··· Given data

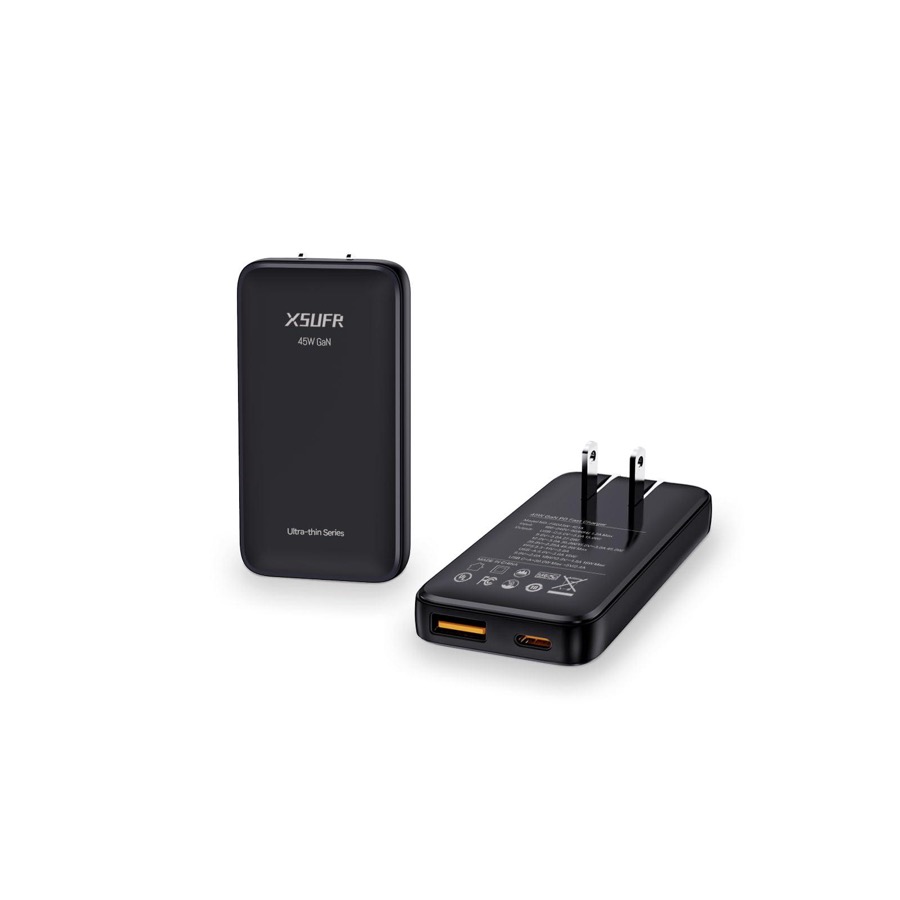 Flat 45W USB C Charger, Slim Wall Charger, Super Fast Charger with PPS, Folding Fast Charger with Dual Ports for Traveling, 45W PD Fast Charging for Laptops, Tablets, Phones
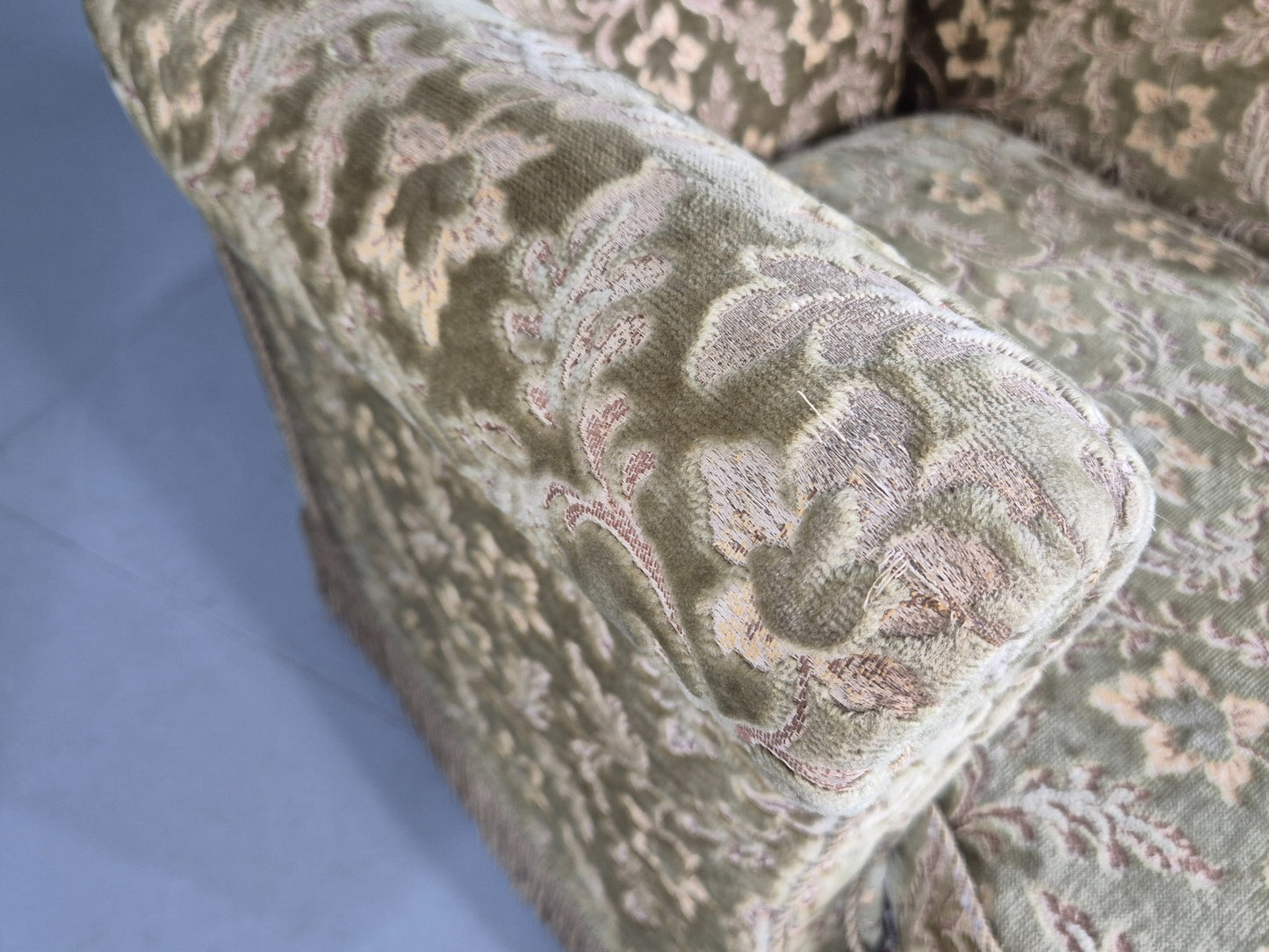 2 Vintage Danish Armchairs Green Floral Moquette Tassels 1960s Cottage EB12689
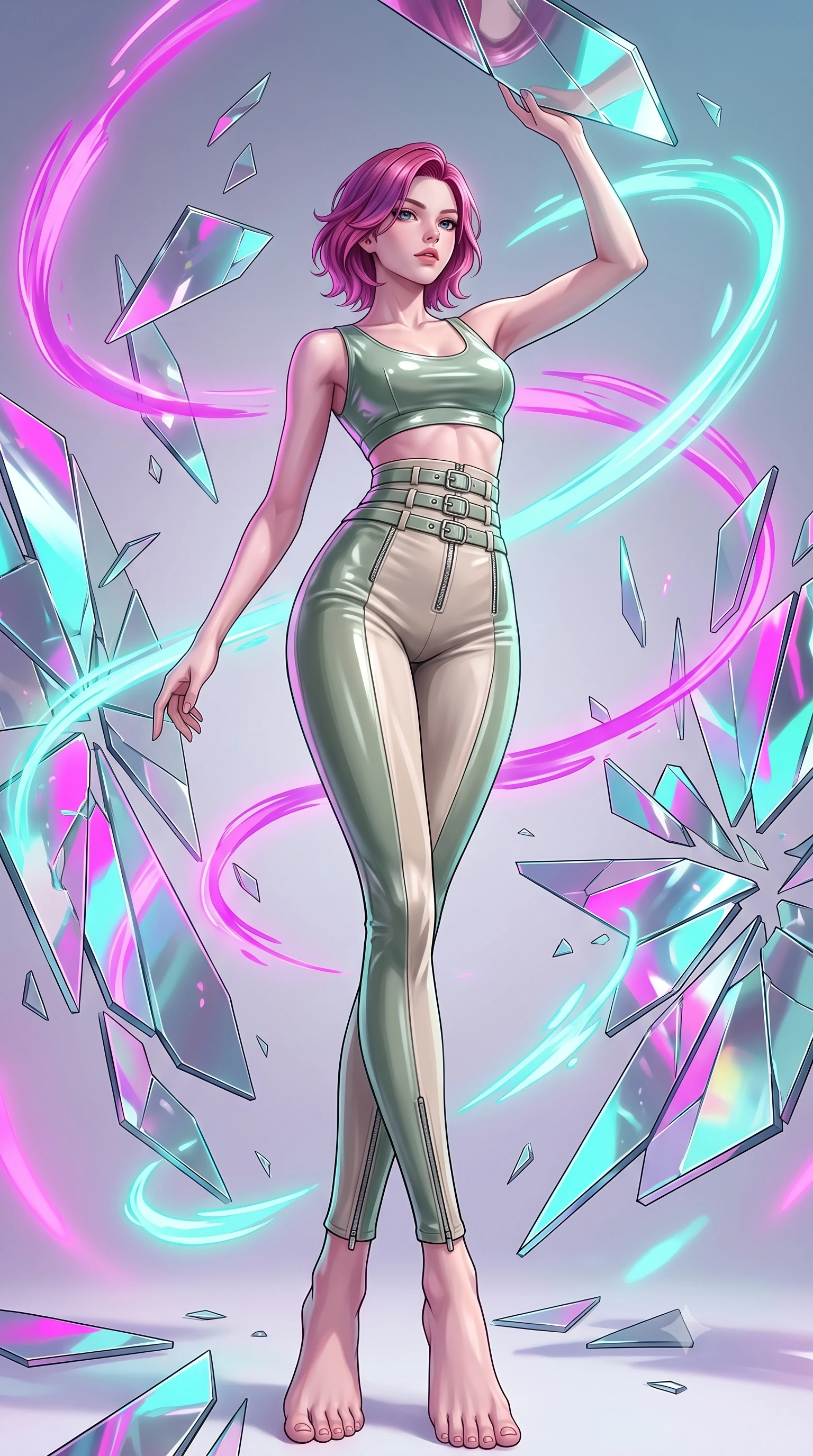 score_9, masterpiece, best quality, ultra-detailed, high-budget anime keyframe, editorial fashion photography, tasteful artistic composition, Caucasian woman. low angle full-body shot from head to toe showing her feet, filling the entire 9:16 vertical frame with her statuesque presence, stretching her vertical silhouette. interacting gracefully with the magical floating elements while maintaining a confident posture surrounded by rotating shattered mirror sculptures reflecting bright acrylic colors, glowing neon brushstrokes floating poetically around her silhouette. She has an absolutely perfect, statuesque 8.5-heads proportion, an exceptionally tall and slender model-like female figure with impossibly long slender legs and an ultra-slim waist. sharp v-shaped jawline, high-bridge nose, intricate jewel-like eyes with depth, thick eyelashes, glossy lips with a natural sheen. wearing a glossy vinyl crop top and high-waist tailored leggings with sleek zippers in sage green and oatmeal, made of premium stretch velvet with a rich sheen, detailed with polished silver buckles along the waistline, the glove-like fit emphasizing her statuesque silhouette. surrounded by a radiant glow of magenta and aqua fluid highlights. highly saturated vibrant anime colors, detailed shading with soft gradients, rich glossy textures, high-contrast stereoscopic depth, volumetric dynamic lighting, master piece, 9:16 ratio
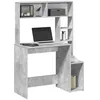 Image de vidaXL Bureau avec Ã©tagÃ¨res gris bÃ©ton 100x45x140 cm bois d'ingÃ©nierie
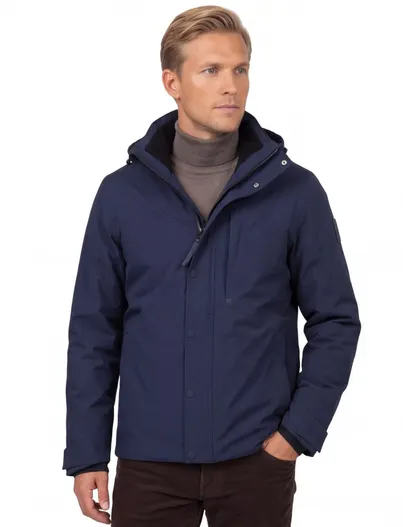Tenson Regenjas Tenson donkerblauw magnetische knoopsluiting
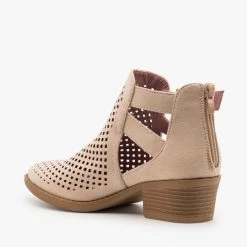 ARider Girl Laser Cut Caged Booties Newest Arrivals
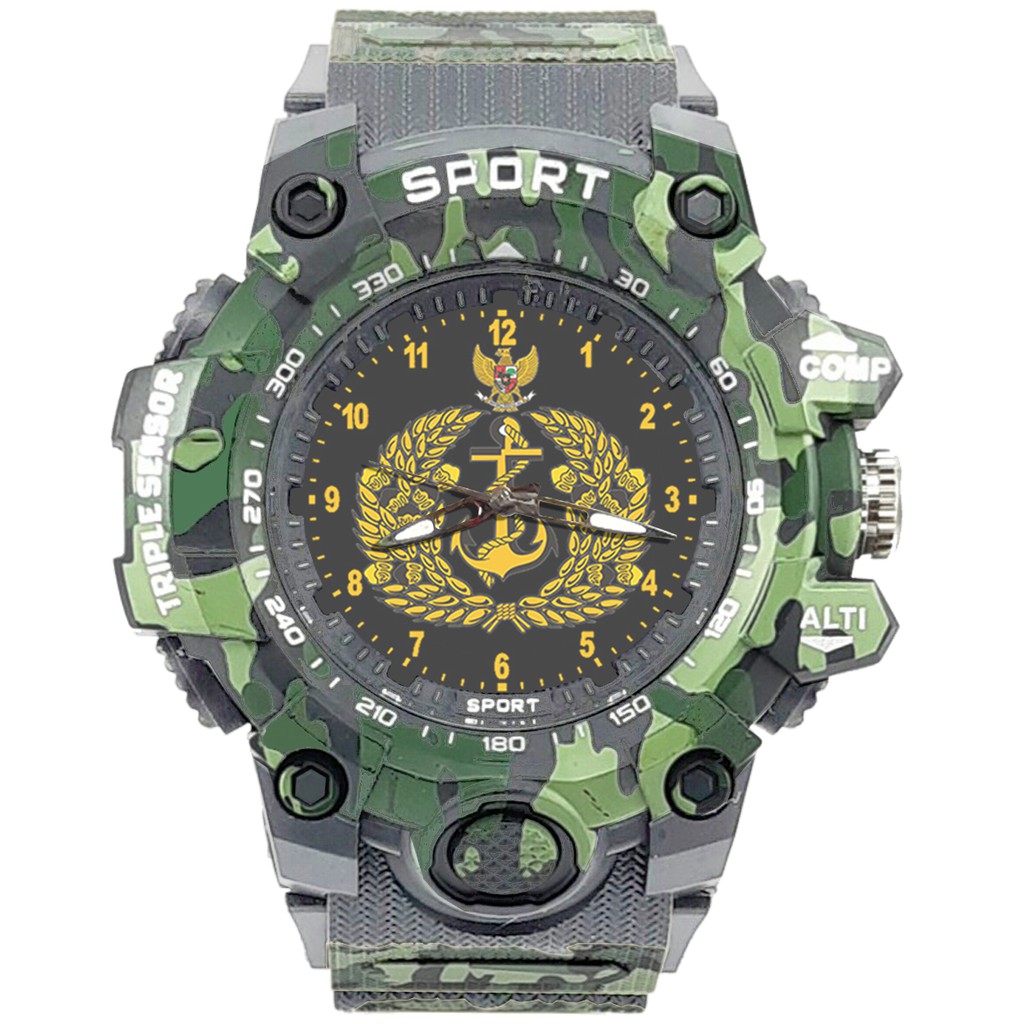 {Istimewa} Jam Tangan TNI-AL (Angkatan Laut) -Abu-Abu  Army Water Resistant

······

| Task item |
Down to the last line, print the material exactly, but not its pictures.

| Answer for this exercise |
 Flat 45W USB C Charger, Slim Wall Charger, Super Fast Charger with PPS, Folding Fast Charger with Dual Ports for Traveling, 45W PD Fast Charging for Laptops, Tablets, Phones
 2 Vintage Danish Armchairs Green Floral Moquette Tassels 1960s Cottage EB12689
 score_9, masterpiece, best quality, ultra-detailed, high-budget anime keyframe, editorial fashion photography, tasteful artistic composition, Caucasian woman. low angle full-body shot from head to toe showing her feet, filling the entire 9:16 vertical frame with her statuesque presence, stretching her vertical silhouette. interacting gracefully with the magical floating elements while maintaining a confident posture surrounded by rotating shattered mirror sculptures reflecting bright acrylic colors, glowing neon brushstrokes floating poetically around her silhouette. She has an absolutely perfect, statuesque 8.5-heads proportion, an exceptionally tall and slender model-like female figure with impossibly long slender legs and an ultra-slim waist. sharp v-shaped jawline, high-bridge nose, intricate jewel-like eyes with depth, thick eyelashes, glossy lips with a natural sheen. wearing a glossy vinyl crop top and high-waist tailored leggings with sleek zippers in sage green and oatmeal, made of premium stretch velvet with a rich sheen, detailed with polished silver buckles along the waistline, the glove-like fit emphasizing her statuesque silhouette. surrounded by a radiant glow of magenta and aqua fluid highlights. highly saturated vibrant anime colors, detailed shading with soft gradients, rich glossy textures, high-contrast stereoscopic depth, volumetric dynamic lighting, master piece, 9:16 ratio
 Image de vidaXL Bureau avec Ã©tagÃ¨res gris bÃ©ton 100x45x140 cm bois d'ingÃ©nierie
Tenson Regenjas Tenson donkerblauw magnetische knoopsluiting
 ARider Girl Laser Cut Caged Booties Newest Arrivals
 {Istimewa} Jam Tangan TNI-AL (Angkatan Laut) -Abu-Abu  Army Water Resistant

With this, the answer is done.